"Aliás, é curioso observar como muitas das mulheres que, por tristes razões de conveniência social, preferem não se declarar feministas, comungam com as feministas radicais de uma mística do feminino, que arreda os homens de tudo quanto é simpático nos sentimentos e actos, definindo de forma estanque uma série de "valores" femininos: afecto, lealdade, transparência, generosidade, intuição, pragmatismo, sentido de humor, desembaraço. Pretender definir um dos sexos através desta curta súmula de maravilhas é, parece-me a mim sexismo. Como afirma Ana Vicente (em Os Poderes das Mulheres, Os Poderes dos Homens, Circulo de Leitores, 1998): "Tal como o racismo, o sexismo foi e é um tremendo erro, pois torna a procura da felicidade muito mais nebulosa e tacteante". Por isso, a páginas tantas, quando Orlando passa do sexo masculino ao feminino, Virginia Woolf escreve: "A mudança de sexo, muito embora alterando-lhe o futuro, não lhe alterava a identidade". por isso também o assunto da "escrita feminina" me cheira ao esturro da discriminação: a única distinção que faz sentido é a que engloba as/os escritoras/es capazes de escavar o fundo secreto dos tempos e das almas.

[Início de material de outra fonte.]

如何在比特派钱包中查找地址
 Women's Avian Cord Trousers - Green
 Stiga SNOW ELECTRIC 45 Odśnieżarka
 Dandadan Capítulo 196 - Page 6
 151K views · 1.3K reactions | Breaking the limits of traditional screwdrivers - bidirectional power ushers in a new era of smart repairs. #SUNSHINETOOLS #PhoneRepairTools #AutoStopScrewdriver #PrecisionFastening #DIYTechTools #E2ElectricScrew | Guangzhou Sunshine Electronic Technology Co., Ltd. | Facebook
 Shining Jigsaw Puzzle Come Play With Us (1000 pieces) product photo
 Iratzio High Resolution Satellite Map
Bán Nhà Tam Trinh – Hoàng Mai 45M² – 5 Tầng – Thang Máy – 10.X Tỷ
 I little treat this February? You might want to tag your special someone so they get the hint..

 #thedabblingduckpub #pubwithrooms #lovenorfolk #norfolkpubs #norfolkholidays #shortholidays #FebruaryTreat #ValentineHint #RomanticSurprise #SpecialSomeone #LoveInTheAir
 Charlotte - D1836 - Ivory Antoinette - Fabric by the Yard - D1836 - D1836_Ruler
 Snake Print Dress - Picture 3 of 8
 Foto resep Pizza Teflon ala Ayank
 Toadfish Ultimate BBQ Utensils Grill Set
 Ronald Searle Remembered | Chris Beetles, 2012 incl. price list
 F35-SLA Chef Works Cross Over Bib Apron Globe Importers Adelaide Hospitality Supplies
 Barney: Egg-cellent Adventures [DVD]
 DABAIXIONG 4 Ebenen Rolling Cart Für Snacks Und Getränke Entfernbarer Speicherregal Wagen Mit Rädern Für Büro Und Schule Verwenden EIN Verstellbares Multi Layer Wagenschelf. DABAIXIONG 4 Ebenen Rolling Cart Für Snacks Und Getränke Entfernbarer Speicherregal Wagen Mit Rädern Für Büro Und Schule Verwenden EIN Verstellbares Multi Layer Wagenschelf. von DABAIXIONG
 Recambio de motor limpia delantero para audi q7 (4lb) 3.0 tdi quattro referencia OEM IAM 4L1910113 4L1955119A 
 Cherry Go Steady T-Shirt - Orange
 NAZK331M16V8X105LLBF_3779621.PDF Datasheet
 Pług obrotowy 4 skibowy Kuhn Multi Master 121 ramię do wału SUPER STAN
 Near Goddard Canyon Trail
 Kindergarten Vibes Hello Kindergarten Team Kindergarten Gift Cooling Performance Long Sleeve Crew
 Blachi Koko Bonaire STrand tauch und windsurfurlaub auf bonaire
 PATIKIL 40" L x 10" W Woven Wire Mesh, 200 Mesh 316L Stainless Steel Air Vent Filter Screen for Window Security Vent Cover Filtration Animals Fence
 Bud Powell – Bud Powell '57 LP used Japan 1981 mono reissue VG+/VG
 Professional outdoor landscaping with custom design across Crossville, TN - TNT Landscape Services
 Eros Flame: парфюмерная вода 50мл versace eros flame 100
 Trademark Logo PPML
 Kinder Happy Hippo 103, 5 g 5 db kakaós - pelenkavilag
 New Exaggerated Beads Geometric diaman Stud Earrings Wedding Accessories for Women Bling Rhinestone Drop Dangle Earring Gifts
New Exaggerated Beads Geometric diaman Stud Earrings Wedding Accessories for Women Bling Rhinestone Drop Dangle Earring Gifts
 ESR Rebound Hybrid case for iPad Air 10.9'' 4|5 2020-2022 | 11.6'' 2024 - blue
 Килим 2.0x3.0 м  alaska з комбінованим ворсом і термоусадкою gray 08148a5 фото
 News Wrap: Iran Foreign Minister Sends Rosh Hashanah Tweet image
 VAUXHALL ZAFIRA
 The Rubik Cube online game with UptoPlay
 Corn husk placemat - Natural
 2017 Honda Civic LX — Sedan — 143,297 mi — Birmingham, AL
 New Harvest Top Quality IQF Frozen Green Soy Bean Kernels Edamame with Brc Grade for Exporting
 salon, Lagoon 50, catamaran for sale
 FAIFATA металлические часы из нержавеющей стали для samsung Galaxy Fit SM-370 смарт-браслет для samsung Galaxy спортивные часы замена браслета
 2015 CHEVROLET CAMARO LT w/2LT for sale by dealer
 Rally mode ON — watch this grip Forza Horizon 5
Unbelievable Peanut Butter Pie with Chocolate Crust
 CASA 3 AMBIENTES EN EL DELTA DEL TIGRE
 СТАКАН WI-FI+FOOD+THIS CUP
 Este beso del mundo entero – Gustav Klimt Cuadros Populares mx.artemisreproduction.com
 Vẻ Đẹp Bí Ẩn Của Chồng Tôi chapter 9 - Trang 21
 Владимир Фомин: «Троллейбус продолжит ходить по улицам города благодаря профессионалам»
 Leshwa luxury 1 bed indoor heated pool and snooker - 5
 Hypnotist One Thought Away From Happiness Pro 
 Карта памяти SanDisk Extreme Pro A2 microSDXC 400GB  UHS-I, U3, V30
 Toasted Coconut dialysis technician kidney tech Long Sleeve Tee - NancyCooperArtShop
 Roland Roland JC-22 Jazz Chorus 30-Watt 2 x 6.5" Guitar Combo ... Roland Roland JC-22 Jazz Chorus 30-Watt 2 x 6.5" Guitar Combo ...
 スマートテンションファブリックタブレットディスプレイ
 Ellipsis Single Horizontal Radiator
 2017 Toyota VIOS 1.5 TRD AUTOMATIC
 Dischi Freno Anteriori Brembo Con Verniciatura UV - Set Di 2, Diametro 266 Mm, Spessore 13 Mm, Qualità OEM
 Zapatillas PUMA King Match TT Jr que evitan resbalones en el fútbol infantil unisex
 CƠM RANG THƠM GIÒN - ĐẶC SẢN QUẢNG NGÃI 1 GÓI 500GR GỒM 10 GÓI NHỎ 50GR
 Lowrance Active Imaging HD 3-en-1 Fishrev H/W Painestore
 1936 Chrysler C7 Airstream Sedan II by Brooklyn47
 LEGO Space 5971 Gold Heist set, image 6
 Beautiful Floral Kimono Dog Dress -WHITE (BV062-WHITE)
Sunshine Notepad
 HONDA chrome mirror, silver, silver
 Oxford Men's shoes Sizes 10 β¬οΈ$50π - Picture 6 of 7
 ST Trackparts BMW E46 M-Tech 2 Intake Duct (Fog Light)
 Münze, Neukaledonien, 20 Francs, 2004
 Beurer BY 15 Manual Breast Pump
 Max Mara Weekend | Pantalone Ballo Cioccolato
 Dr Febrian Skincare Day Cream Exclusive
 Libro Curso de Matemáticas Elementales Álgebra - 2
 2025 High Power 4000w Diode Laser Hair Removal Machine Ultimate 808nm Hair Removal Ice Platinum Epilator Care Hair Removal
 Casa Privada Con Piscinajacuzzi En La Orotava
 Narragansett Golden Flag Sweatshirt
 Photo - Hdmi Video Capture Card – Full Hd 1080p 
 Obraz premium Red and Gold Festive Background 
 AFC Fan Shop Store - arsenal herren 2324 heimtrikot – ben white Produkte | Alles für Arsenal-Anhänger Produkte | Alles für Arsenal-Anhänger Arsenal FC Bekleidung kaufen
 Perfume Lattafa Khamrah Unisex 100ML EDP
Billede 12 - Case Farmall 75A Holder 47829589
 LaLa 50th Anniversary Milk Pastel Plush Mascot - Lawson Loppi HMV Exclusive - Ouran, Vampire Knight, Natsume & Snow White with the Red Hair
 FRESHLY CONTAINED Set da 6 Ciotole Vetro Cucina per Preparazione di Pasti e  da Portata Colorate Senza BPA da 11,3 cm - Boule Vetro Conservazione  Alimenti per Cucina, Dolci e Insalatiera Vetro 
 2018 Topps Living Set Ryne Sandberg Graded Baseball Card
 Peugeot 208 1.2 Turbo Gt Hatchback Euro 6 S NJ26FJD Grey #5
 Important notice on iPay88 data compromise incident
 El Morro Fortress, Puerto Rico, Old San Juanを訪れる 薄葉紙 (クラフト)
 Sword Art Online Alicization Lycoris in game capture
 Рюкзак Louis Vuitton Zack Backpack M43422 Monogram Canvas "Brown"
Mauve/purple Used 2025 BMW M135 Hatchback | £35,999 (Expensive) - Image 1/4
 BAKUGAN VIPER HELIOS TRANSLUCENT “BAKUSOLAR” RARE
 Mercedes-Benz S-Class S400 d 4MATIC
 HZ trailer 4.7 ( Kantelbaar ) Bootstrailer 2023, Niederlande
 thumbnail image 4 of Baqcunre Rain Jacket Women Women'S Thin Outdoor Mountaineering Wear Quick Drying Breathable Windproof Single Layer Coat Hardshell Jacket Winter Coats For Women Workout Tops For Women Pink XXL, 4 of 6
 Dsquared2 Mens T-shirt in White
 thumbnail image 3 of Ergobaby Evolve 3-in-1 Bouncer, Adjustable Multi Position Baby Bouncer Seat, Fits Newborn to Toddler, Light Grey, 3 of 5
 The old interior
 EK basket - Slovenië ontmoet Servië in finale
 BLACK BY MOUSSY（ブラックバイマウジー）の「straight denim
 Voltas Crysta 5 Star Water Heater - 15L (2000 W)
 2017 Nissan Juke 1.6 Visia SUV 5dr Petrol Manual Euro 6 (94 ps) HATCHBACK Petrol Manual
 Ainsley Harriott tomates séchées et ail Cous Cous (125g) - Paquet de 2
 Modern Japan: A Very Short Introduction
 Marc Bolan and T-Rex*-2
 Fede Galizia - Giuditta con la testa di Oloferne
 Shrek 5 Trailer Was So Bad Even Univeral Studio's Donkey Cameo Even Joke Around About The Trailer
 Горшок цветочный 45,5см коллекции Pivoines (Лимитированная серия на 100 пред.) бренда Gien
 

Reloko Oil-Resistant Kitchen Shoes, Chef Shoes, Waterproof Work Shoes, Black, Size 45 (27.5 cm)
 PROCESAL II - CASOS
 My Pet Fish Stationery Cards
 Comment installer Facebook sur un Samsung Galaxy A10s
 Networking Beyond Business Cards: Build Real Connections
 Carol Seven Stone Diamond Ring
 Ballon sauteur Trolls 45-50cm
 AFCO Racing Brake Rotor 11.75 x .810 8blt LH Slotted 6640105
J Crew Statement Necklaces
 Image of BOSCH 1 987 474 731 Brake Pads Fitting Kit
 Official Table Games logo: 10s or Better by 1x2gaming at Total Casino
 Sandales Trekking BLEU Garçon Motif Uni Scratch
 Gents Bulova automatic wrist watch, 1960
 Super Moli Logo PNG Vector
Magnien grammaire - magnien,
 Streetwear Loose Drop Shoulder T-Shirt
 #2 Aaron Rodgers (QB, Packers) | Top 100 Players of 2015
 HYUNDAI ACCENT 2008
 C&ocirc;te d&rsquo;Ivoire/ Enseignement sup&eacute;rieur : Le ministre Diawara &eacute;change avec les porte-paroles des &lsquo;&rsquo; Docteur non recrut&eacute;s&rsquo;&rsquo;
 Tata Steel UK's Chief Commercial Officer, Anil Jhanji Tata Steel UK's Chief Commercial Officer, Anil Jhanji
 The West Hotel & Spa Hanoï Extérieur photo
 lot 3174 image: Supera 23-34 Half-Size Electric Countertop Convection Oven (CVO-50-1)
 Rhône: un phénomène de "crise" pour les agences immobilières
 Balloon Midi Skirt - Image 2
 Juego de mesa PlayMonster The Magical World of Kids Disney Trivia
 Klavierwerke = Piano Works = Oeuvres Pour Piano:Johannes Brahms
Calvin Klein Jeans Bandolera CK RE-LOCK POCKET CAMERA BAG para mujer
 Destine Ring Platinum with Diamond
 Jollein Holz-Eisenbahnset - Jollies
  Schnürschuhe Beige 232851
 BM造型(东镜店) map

Entretanto, verificam-se ainda múltiplas e persistentes formas de discriminação das mulheres, em Portugal e no mundo. Mais de um milhão de meninas morrem todos os anos apenas por terem nascido mulheres. Milhares de outras ficam para sempre amputadas pela mutilação genital - prática tenebrosa e muito mais expandida do que se possa pensar, frequentemente desculpabilizada pelo relativismo cultural politicamente correcto. A percentagem mundial de mulheres nos lugares de decisão politica é de cerca de dez por cento. E só três por cento das empresas ocidentais (porque das outras nem vale a pena falar) são dirigidas por mulheres. Que em geral ganham muito menos, em iguais funções, do que os seus congéneres masculinos. Ora a menorização das mulheres menoriza também os homens, empobrecendo não só as relações entre os sexos mas também o desenvolvimento do mundo humano".
Inês Pedrosa, 20 Mulheres para o Século XX, Dom Quixote, Lisboa, 2000.